• WHAT IS NEEDED:
After locating the line with "YELLOW PALLET WAREHOUSE" in the entries below, output it and each following line up to and including the line with "to work with.", exactly and without pictures.

• TASK INPUT:
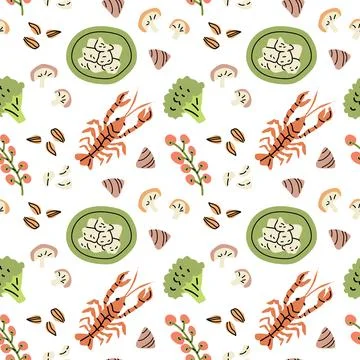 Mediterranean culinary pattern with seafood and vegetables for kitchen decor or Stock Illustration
==
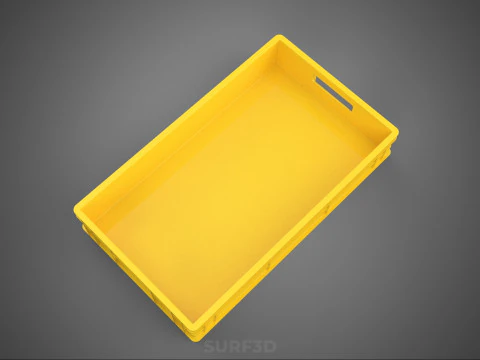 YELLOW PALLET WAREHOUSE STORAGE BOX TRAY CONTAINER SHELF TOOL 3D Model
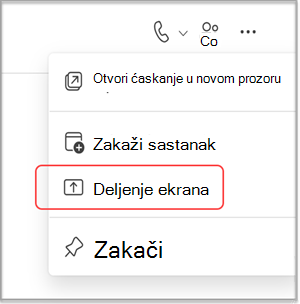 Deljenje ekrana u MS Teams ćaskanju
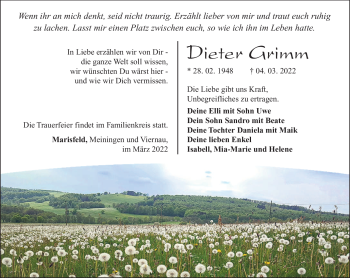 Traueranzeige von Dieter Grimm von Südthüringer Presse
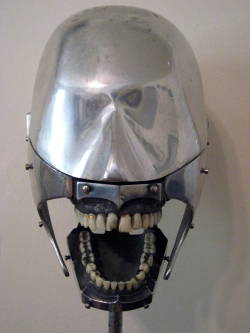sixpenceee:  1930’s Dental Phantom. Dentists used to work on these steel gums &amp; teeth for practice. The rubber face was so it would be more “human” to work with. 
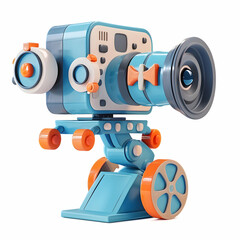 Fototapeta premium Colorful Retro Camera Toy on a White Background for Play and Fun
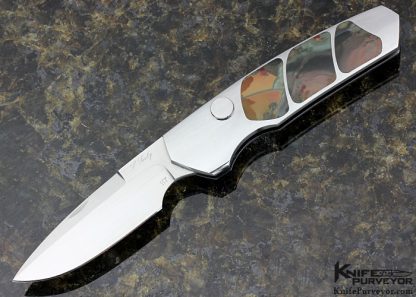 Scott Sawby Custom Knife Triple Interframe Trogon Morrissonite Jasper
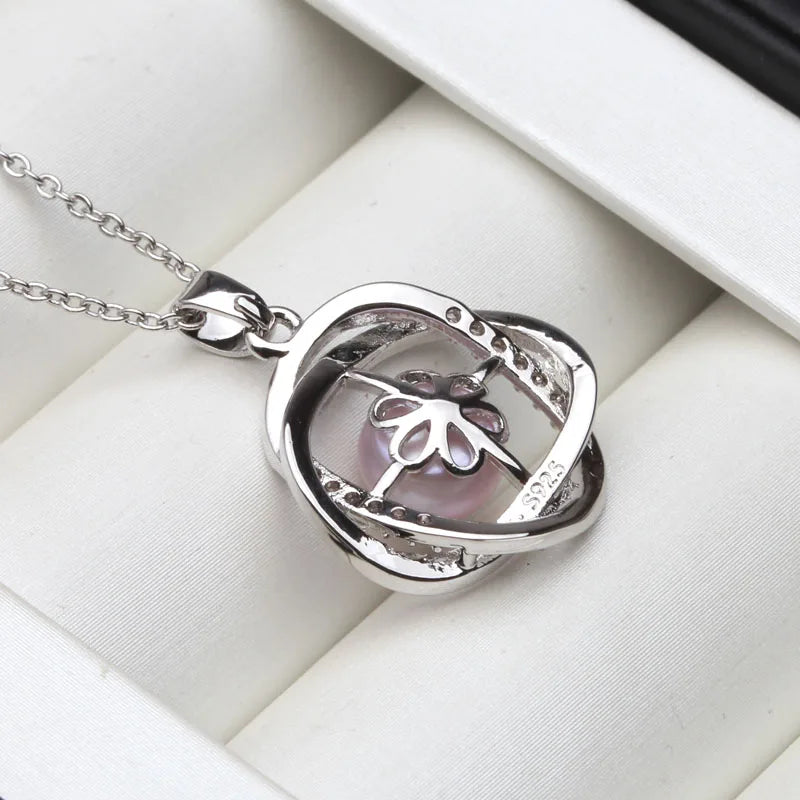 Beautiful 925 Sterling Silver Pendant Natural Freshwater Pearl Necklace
...
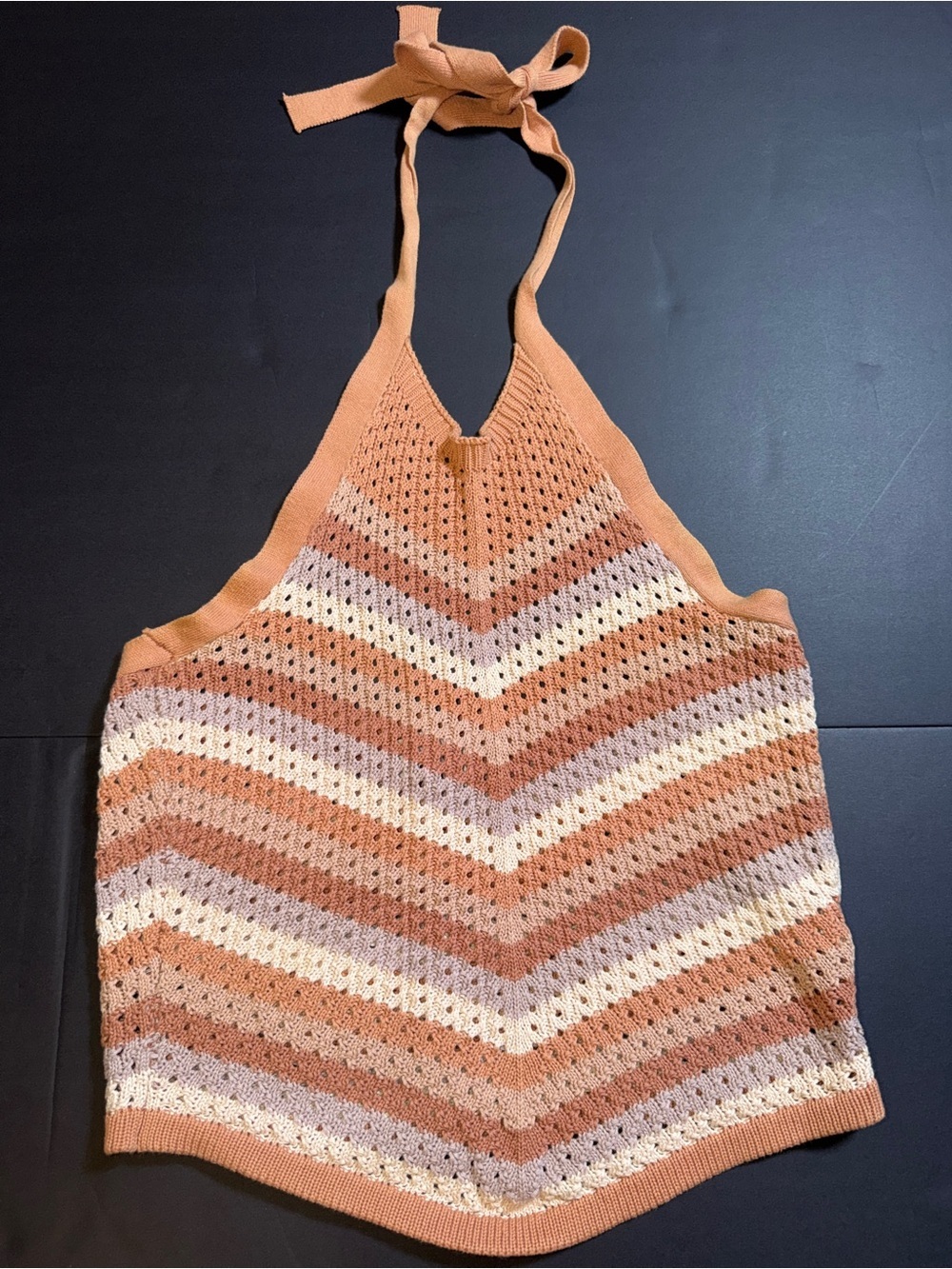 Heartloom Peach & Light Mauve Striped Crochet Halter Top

• ANSWER BOX:
 YELLOW PALLET WAREHOUSE STORAGE BOX TRAY CONTAINER SHELF TOOL 3D Model
 Deljenje ekrana u MS Teams ćaskanju
 Traueranzeige von Dieter Grimm von Südthüringer Presse
sixpenceee:  1930’s Dental Phantom. Dentists used to work on these steel gums &amp; teeth for practice. The rubber face was so it would be more “human” to work with. 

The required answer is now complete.